Tuesday, 21 February 2012

Strange search engine queries 2

Due to a total lack of popular demand following our last thrilling instalment, here are some more of the stranger tides that have caused storm-tossed netizens to wash up on the seldom-visited desert island of my blog:

To kick off, it's great to see people still looking for 'thug narwhals' and 'axolotl piano', two of my all-time favourite '80's  indie bands. Maybe they were researching the legendary lost recording of Axolotl Piano's John Peel session.

tram party - first, find your tram, break out the Bacardi Breezers, stick some Axolotl Piano on the boombox, then you'll be sorted, my friend.

extreme gushing - so you caught a bit of Andrew Marr's mini-series about the Queen, too? Bummer.

animals i can kill with my bare hands workaholics - well, bees would be your obvious first choice, although your bare hands may swell up to the size of boxing gloves afterwards.

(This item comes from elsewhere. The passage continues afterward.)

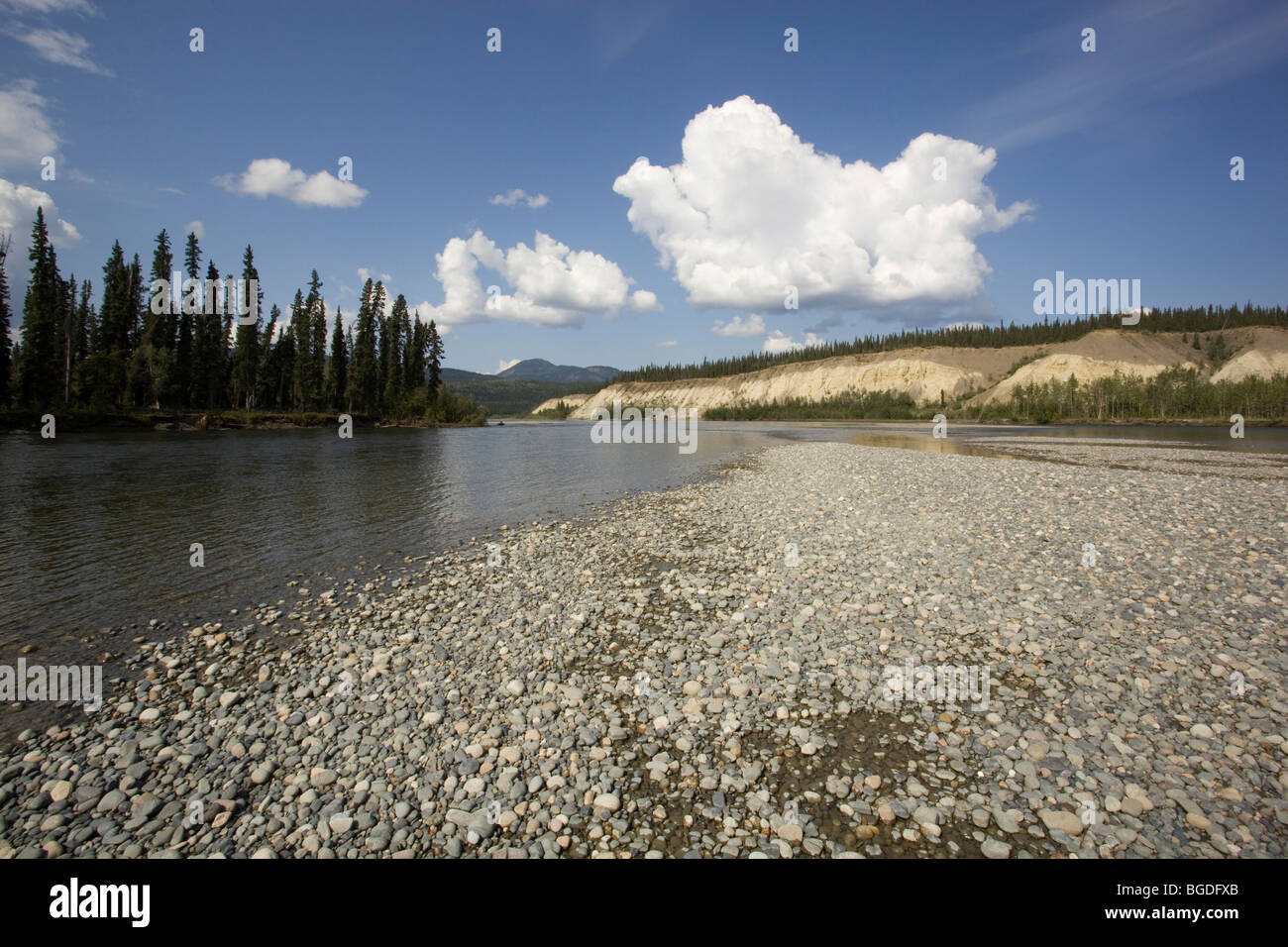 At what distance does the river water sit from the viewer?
38.4 feet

dead weasel - I warned you about making the poor thing go 'pop'. And if you carry on knocking that monkey off the table with a stick, I'm ringing the RSPCA.


i secretly loathe the colorblind - thank you for sharing, Mr Lansley. If your loathing extends to everybody else who uses the National Health Service, that might begin to explain the thinking behind your health care reforms. And stop looking for 'pictures of unemployed people' - they're not funny.

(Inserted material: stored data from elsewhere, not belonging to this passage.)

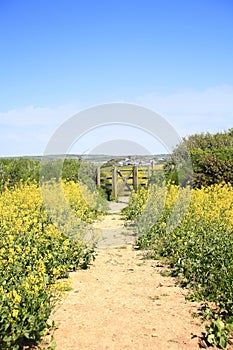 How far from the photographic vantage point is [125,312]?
4.78 meters

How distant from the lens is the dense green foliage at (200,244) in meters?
4.65

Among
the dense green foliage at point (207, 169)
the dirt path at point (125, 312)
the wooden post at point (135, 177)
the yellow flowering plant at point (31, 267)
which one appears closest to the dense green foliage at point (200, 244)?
the dirt path at point (125, 312)

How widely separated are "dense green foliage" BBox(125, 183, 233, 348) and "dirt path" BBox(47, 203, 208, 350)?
0.25 m

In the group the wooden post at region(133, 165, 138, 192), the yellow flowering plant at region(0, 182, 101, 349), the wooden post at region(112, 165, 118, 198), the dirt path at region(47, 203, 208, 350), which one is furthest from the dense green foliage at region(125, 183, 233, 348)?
the wooden post at region(133, 165, 138, 192)

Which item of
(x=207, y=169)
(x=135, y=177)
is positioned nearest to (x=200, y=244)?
(x=207, y=169)

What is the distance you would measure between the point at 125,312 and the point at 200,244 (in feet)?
6.00

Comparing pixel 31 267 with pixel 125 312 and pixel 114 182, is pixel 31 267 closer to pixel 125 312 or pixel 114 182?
pixel 125 312

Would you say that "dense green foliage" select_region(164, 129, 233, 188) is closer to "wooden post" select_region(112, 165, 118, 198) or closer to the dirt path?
"wooden post" select_region(112, 165, 118, 198)

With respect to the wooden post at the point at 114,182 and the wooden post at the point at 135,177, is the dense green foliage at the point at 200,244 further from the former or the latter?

In this age of 'big horse inflation' it's no surprise to find someone seeking a 'double decker horse trailer', although I can't condone its use for a 'furry horse porn' photo shoot. Speaking of which...

'naughty stuff' - oi! I'm a good girl, I am!

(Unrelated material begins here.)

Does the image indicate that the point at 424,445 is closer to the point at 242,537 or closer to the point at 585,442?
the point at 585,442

'ladies urine point photo' - 'ee ain't no proper gentleman! 'Ee promised me 'ee could pass me off as a duchess, but then 'ee goes an' whips out 'is camera the moment I gets caught short, without so much as a 'by your leave'.

Well, at least we may be thankful that his depravity did not extend to 'tank girl cosplay', my dear.

Speaking of niche interests, I'm not entirely convinced that the collectibles market is ready for a 'lizzie borden action figure', although time may prove me wrong on that one.